(Source records)
*** Block opens ***

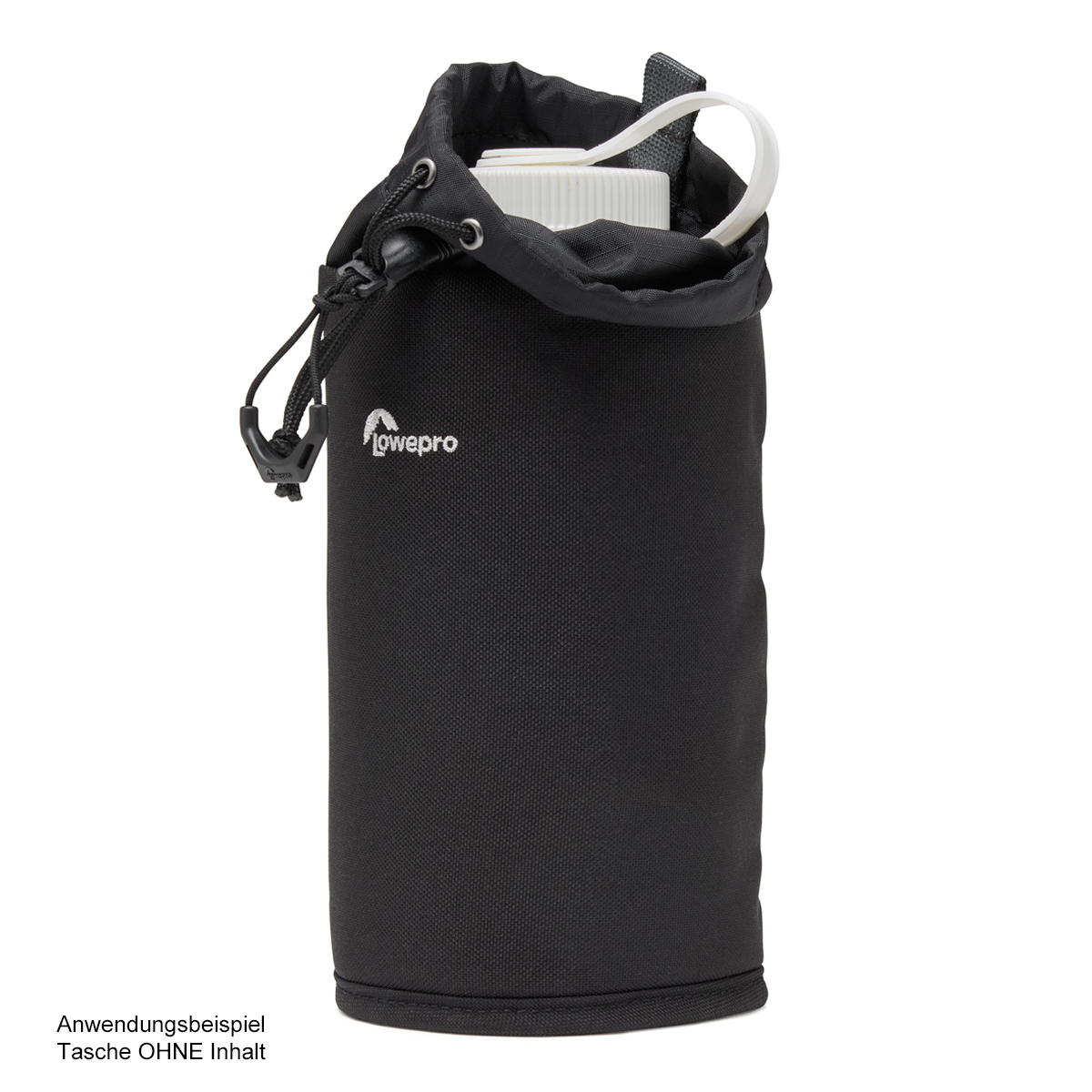 Lowepro ProTactic III Flaschenbeutel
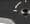 Swatch Image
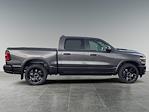 2026 Ram 1500 Crew Cab 4x4 Pickup for sale #B62042 - photo 6
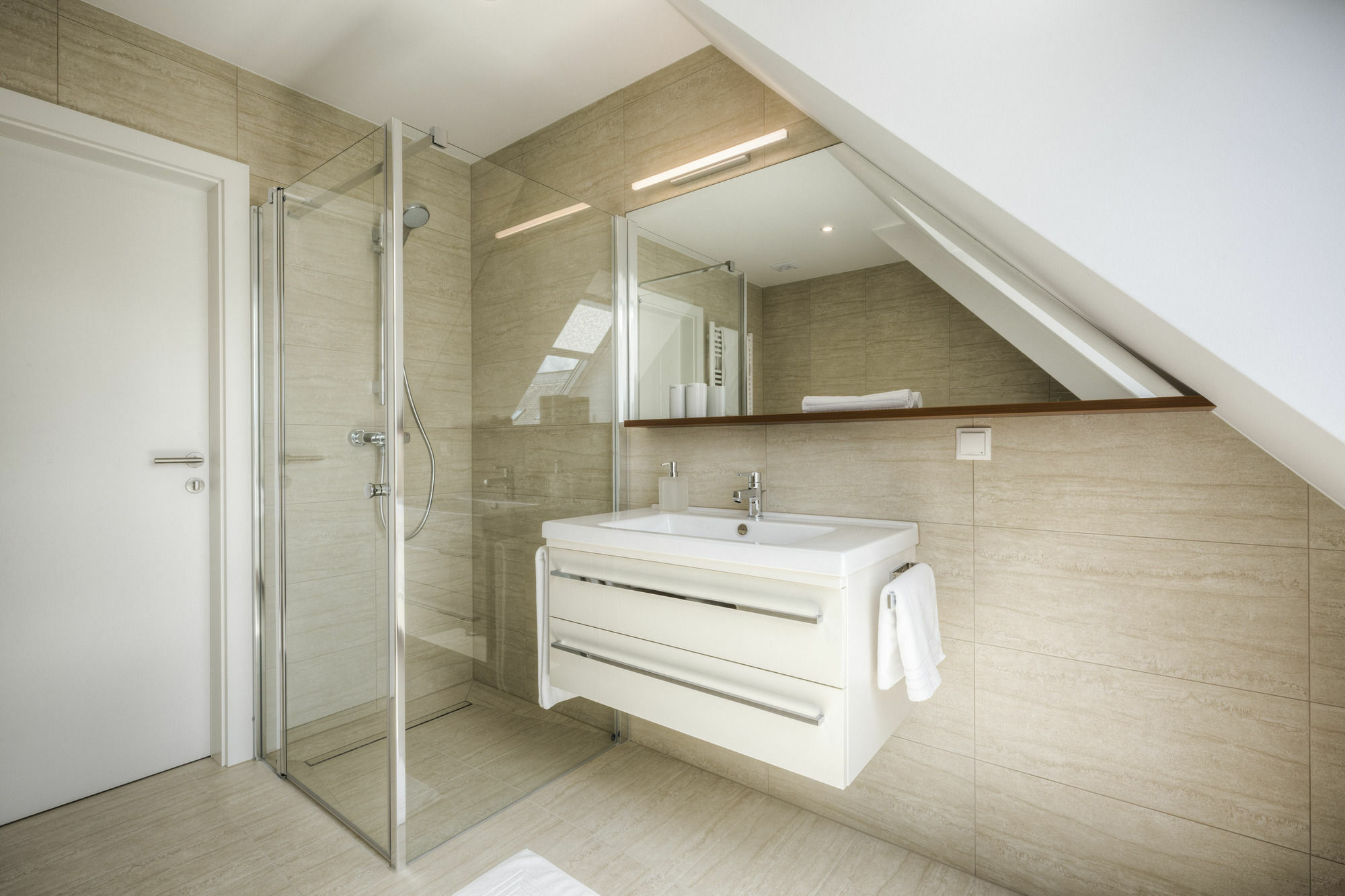 Vienna Grand Apartments City Viena Exterior foto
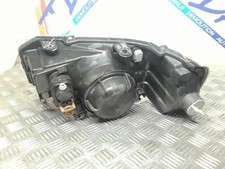 Feu avant (phare) Land Rover FREELANDER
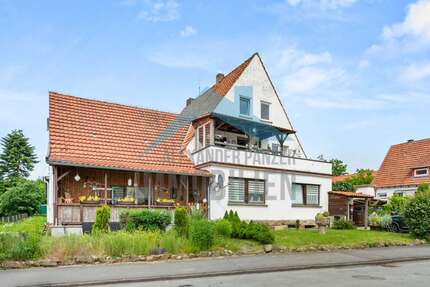 Haus zum Kaufen in Warburg 399.900,00 € 737.69 m²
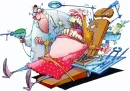 Dentist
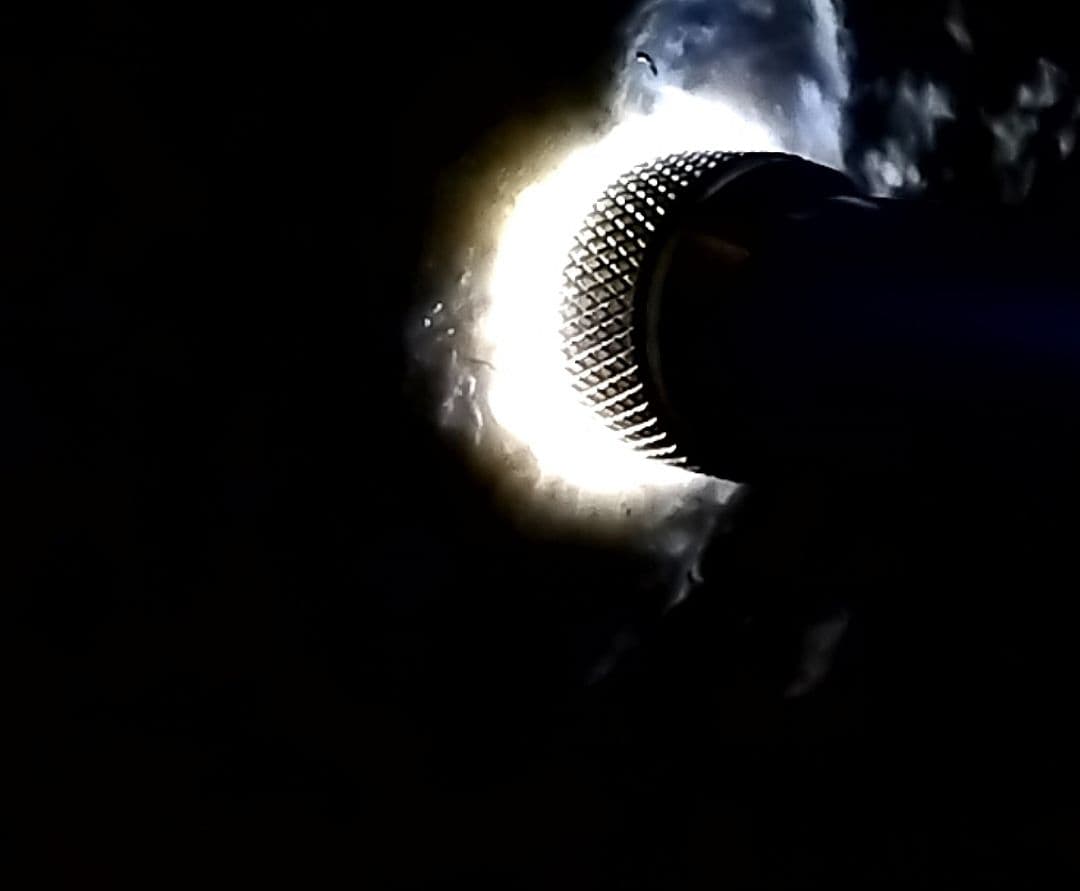 ★翡翠原石★糸魚川硬玉【横川・転石・カチ割り27.7kg】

*** Block closes ***

### Work instructions
Nothing but the lines from the one containing "Vienna Grand Apartments" through the final line of the records, both included and copied exactly, should appear in the answer; pictures stay out.

### Output below
 Vienna Grand Apartments City Viena Exterior foto
 Feu avant (phare) Land Rover FREELANDER
 Haus zum Kaufen in Warburg 399.900,00 € 737.69 m²
 Dentist
 ★翡翠原石★糸魚川硬玉【横川・転石・カチ割り27.7kg】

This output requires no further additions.